----- GIVEN INFORMATION -----

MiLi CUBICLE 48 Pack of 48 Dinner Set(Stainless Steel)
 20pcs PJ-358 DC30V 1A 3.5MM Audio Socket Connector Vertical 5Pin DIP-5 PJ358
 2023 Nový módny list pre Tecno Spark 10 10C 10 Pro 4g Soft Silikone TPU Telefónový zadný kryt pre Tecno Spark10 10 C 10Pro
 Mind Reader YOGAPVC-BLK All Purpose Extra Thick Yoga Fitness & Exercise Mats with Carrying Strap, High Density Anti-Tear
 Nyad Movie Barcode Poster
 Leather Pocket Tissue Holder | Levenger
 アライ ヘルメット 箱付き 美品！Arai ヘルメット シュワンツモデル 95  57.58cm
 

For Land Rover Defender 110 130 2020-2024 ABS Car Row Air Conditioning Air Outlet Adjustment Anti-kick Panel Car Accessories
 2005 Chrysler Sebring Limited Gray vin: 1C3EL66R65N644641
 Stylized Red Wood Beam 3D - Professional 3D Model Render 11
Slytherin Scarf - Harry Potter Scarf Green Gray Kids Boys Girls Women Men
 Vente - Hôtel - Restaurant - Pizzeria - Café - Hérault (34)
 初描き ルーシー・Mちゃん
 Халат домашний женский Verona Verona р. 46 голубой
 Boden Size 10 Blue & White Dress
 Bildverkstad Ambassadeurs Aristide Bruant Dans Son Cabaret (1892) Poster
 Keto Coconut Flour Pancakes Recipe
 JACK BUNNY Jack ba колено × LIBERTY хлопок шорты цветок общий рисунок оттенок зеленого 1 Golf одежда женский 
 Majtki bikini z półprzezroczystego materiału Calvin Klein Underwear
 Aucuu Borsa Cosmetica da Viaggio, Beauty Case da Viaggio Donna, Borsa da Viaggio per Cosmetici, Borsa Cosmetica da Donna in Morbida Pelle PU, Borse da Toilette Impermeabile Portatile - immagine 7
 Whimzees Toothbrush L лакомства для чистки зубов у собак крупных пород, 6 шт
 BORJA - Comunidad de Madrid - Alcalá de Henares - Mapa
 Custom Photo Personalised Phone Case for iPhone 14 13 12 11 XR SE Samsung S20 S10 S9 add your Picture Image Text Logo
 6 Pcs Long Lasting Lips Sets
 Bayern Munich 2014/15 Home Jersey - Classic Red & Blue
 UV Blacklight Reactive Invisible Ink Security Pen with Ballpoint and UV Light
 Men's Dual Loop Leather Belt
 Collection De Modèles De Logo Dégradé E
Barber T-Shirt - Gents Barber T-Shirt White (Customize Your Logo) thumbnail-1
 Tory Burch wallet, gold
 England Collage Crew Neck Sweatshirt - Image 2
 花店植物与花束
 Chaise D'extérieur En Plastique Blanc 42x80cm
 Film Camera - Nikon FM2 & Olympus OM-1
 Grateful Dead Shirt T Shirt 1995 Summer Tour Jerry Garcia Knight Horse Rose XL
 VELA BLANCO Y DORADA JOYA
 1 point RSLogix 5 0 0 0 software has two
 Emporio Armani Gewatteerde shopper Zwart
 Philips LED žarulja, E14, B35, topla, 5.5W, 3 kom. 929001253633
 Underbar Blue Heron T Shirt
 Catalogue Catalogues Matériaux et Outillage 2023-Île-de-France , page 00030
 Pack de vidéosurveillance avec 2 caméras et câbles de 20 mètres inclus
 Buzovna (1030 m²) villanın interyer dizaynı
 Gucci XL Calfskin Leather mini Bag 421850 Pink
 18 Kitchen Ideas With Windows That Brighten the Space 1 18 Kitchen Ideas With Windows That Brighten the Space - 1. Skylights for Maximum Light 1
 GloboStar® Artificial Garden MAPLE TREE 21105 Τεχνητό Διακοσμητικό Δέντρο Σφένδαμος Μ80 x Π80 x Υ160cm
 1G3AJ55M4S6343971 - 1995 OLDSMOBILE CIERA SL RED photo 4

-----

#### HOW TO COMPLETE THIS TASK:
Once the line with "Buzovna (1030 m²) villanın interyer dizaynı" is found in the records above, print exactly that line and every line after it through the line with "18 Kitchen Ideas With Windows That Brighten the Space 1".

#### ANSWER TO THE PROBLEM:
 Buzovna (1030 m²) villanın interyer dizaynı
 Gucci XL Calfskin Leather mini Bag 421850 Pink
 18 Kitchen Ideas With Windows That Brighten the Space 1 18 Kitchen Ideas With Windows That Brighten the Space - 1. Skylights for Maximum Light 1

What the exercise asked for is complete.